So what happens when a normal Linux user or system administrator forgets the system’s root password? Please note that changing the root password is different from resetting the root password.
During such incidences, you might think you have reached rock bottom and even think about re-installing your Ubuntu system. However, this article guide is here to prescribe the ultimate pain killer for this headache.
Reset Forgotten Root Password in Ubuntu
The solution to this problem entails restarting your Ubuntu system, accessing the Grub boot loader menu, and booting into the Ubuntu system from the recovery mode.
Therefore, restart your Ubuntu-powered machine, and once the computer’s screen dims, continuously press the keyboard’s
[Shift] keys until you are redirected to a Grub menu screen.
From the provided GNU Grub Menu screen capture, you will see a number of menu options. Use the keyboard’s
[down] arrow keys to navigate to the Advanced Options for Ubuntu segment.
[Enter] on your keyboard and you will be redirected to another Grub window and here choose the menu option that will direct you to Ubuntu (recovery mode).
Wait a few seconds for the dashing black screen to complete its execution. Another display screen with several menu options will appear.
Navigate to the menu option root Drop to root shell prompt and hit
[Enter] on your keyboard.
At the bottom of this display window, you will be presented with a command-line interface with direct access to the root shell prompt.
The next step is to remount the root filesystem partition
(/) with write access. Its default access partition is read-only.
# mount -rw -o remount /
From here, you can now comfortably reset the root password and even username if you wish. Before you can reset the root password, you need to be able to identify the user associated with it.
# ls /home
After you identify the root user, use the following command syntax to reset the associated root password:
# passwd username
We can now change the root password by referencing the above syntax.
You will be prompted twice to enter and re-confirm the new root password you wish to use.

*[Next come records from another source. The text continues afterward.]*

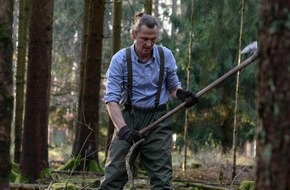 Bergwaldprojekt e.V.: PRESSEMITTEILUNG: Fast 20 Freiwillige im Einsatz für einen naturnahen Wald: Das Bergwaldprojekt im Spessart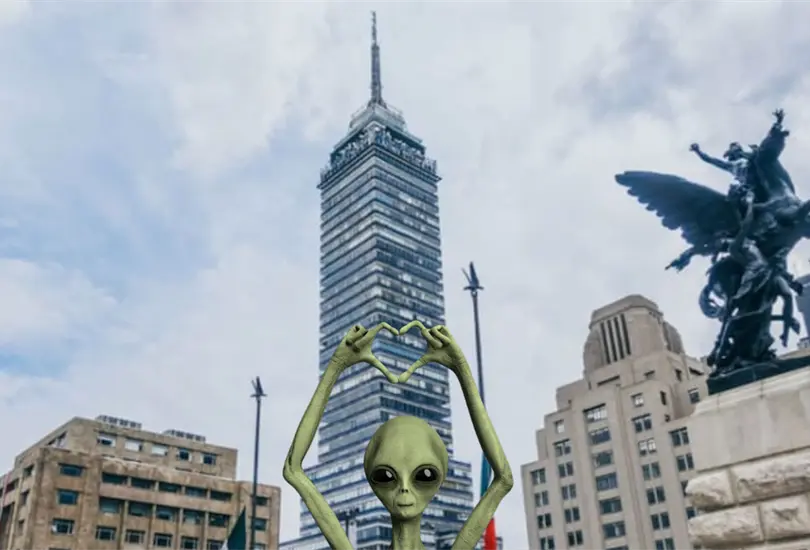 Captan extra&ntilde;o objeto volando sobre la Torre Latino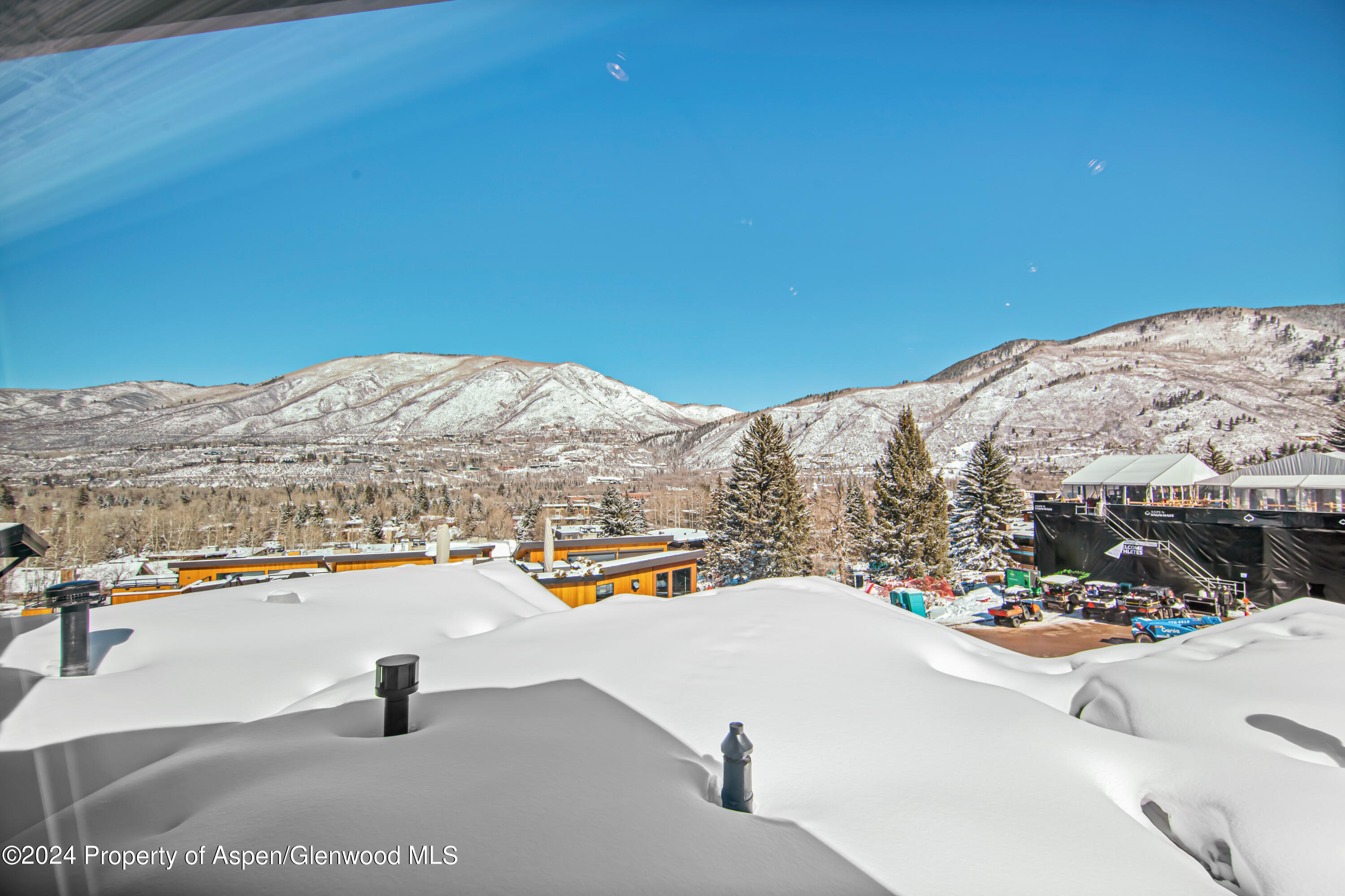 809 S Aspen Street #7 Property Photo 9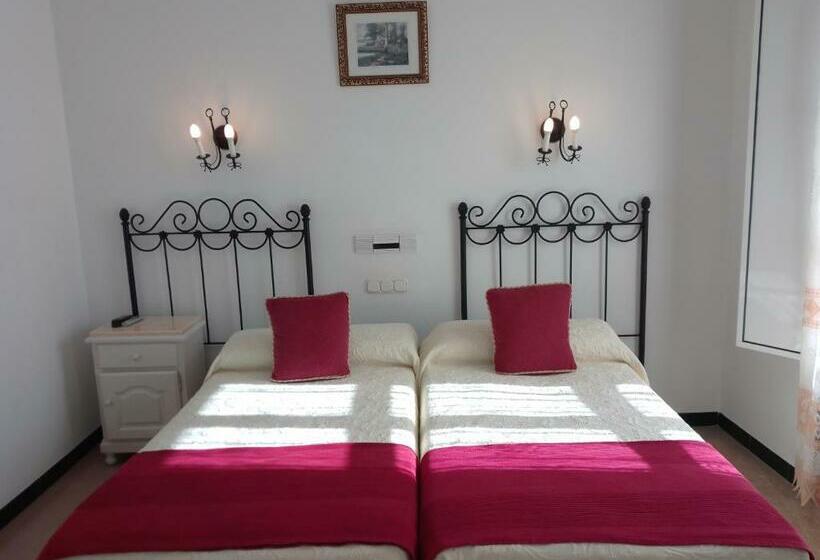 Пансион Hostal 2 Estrellas  Restaurante Las Tres Encinas En El Centro Del Pueblo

From here, you will have achieved the ultimate hack into resetting the root user password on your Ubuntu system.
Key in exit on the console and hit
[Enter] on your keyboard. You will again find yourself on the Recovery Menu window. Choose the menu option to Resume normal boot.

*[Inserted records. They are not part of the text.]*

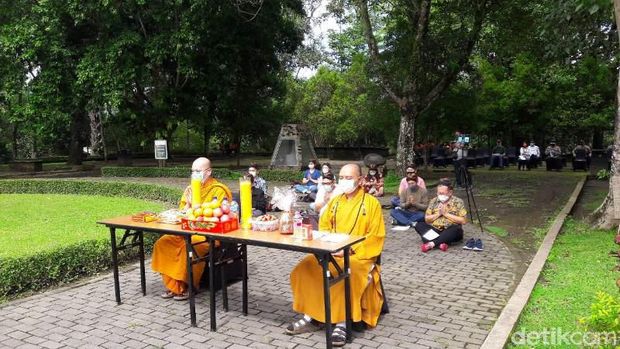 Biksu di Candi Borobudur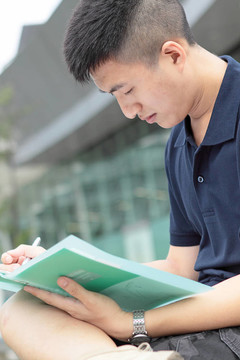 休閑亞洲商人在他的書(shū)上發(fā)短信。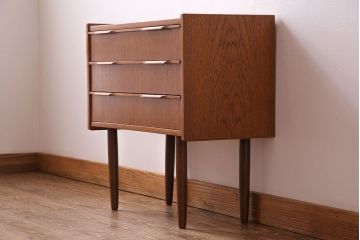 【K様ご決済用】北欧ビンテージ　チーク材　四つ脚がかわいらしい小振りのサイドチェスト(引き出し)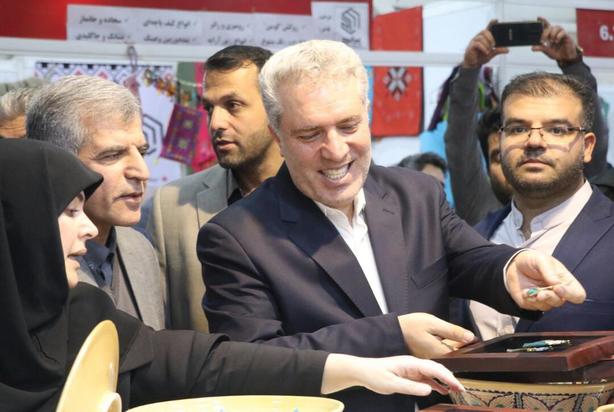 وزیر میراث‌فرهنگی، گردشگری و صنایع‌دستی در بازدید از پاویون خراسان رضوی
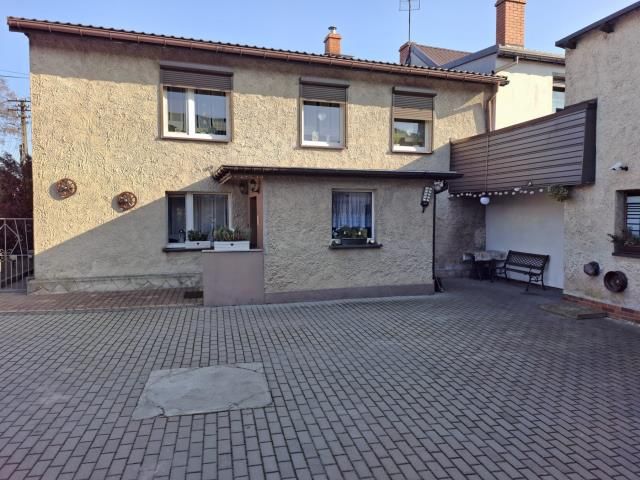 dom wolnostojący, 9 pokoi Toszek Oracze, ul. Oracze. Zdjęcie 2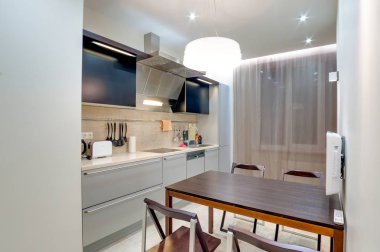 Rusya, Novosibirsk - 28 Ocak, 2016: iç Oda daire. modern mutfak, yemek odası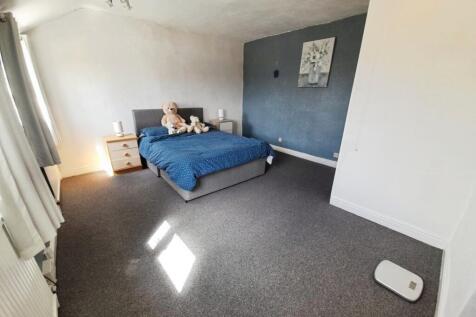 pbox-bedroom-313541.jpg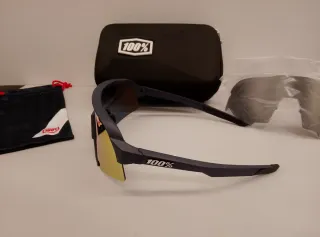 Occhiali ciclismo marca 100% nuovi
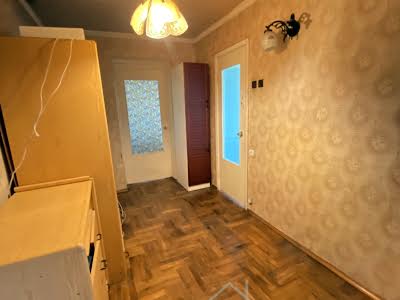 квартира за адресою Дніпровська набережна вул., 13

Ignore any graphics mode compatibility warning as a complete system reboot will fix it.
Based on the root password you set, you should be able to comfortably re-enter your Ubuntu system as an admin/root user.

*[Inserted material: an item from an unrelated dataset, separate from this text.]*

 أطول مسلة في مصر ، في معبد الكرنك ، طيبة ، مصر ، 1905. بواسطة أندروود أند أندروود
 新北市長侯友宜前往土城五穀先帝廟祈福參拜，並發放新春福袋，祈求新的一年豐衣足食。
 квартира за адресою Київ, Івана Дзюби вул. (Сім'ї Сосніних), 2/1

With this article guide, you do not have to worry about losing control of your root privileges on an Ubuntu system as you can easily regain it from the article’s simplified step-by-step instructions.
5 thoughts on “How to Reset Forgotten Root Password in Ubuntu”
So without specifying the Ubuntu disc partition, I presume this will destroy my entire system. Got 3 boot UEFI systems. Or doesn’t it matter?
This solution doesn’t work anymore. The drop to a root shell in recovery now asks for the root password!
Maybe you could provide screenshots of the steps you followed? Also which Ubuntu version are you using? Is it 20.04 LTS? The latest stable version?
So anyone can gain control over my root privileges using the above hack???
Are there any means to prevent it?
The best preventive measure against such a hack scenario is to encrypt your entire drive or filesystem folders and directories that hold critical data. This way, none of your data gets compromised.